If we compare MRI and arthroscopy, it is clear that the arthroscopist has an unparalleled visualization of surface anatomic features. Once the arthroscope is introduced into a joint, the surgeon has a marvelous view of the surfaces of cartilage, ligaments, bone, and soft tissue. While diagnostic arthroscopy is a powerful tool, it is important to remember that it only sees what is on the surface.
MRI does not approach the resolution that arthroscopy provides, but enables us to look inside tissues. Exclusive reliance on what is seen at arthroscopy can lead to underestimation of pathology.
In this case, a 36 year-old female with shoulder pain was referred for an MR arthrogram. Coronal T1 weighted images with fat saturation demonstrate a SLAP lesion (yellow arrows). There is also globular hypointense signal within the distal supraspinatus tendon (red arrows), consistent with an area of calcification within the tendon. Calcification in this area was confirmed by a CT scan (not shown).
At arthroscopy, the SLAP tear was repaired, but the calcification within the substance of the tendon could not be observed. It is clearly present, but because it is within the tendon, it was not apparent at arthroscopy.

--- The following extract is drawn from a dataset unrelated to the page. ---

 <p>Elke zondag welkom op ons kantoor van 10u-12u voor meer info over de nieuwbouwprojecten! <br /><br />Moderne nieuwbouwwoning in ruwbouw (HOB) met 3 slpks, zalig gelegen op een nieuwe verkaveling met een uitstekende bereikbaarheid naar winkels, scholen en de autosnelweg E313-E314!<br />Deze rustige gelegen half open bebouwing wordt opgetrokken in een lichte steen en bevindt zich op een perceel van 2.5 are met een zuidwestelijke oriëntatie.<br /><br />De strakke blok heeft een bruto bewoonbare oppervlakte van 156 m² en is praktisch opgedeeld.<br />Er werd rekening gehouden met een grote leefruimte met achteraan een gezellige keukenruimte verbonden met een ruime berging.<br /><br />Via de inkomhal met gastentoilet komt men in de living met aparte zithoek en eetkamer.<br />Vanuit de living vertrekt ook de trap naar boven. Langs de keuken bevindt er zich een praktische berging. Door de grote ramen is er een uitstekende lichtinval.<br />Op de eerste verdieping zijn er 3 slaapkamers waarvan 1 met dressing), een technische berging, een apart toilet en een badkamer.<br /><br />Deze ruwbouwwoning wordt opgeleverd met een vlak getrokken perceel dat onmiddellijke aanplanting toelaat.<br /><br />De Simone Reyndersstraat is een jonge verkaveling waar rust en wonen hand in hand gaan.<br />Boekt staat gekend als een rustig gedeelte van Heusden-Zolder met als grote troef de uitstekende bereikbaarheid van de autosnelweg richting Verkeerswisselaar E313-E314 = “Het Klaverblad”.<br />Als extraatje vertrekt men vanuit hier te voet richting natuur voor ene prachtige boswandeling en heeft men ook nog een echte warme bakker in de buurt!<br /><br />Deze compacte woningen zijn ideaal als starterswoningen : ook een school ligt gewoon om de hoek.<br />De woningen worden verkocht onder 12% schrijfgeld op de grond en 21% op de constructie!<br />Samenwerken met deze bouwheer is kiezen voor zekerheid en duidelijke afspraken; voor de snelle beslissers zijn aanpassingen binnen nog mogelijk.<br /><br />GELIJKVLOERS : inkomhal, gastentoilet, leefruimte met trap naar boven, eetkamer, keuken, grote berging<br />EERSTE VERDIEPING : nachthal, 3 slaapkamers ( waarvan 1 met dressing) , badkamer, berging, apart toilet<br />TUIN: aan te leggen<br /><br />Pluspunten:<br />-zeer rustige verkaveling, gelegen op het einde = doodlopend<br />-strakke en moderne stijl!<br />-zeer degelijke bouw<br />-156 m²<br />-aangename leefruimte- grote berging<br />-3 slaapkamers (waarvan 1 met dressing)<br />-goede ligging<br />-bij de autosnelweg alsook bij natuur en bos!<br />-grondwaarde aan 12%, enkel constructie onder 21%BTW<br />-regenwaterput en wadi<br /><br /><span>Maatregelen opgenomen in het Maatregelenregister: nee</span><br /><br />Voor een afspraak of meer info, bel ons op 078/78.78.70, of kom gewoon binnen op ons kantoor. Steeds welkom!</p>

In this case, there was no edema within the tendon or in the peritendinous tissues on MRI, suggesting that this was a clinically silent area of calcification, rather than active calcific tendinitis. The patient responded well to her SLAP repair, and became pain-free postoperatively.
The radiologist should remember that the surface resolution of arthroscopy far exceeds that of MRI. The surgeon should remember that all that is important does not meet the eye of the arthroscopist. Thus, MRI and diagnostic arthroscopy are complementary techniques. Melding the information gleaned from each discipline provides the orthopedic surgeon with maximal information.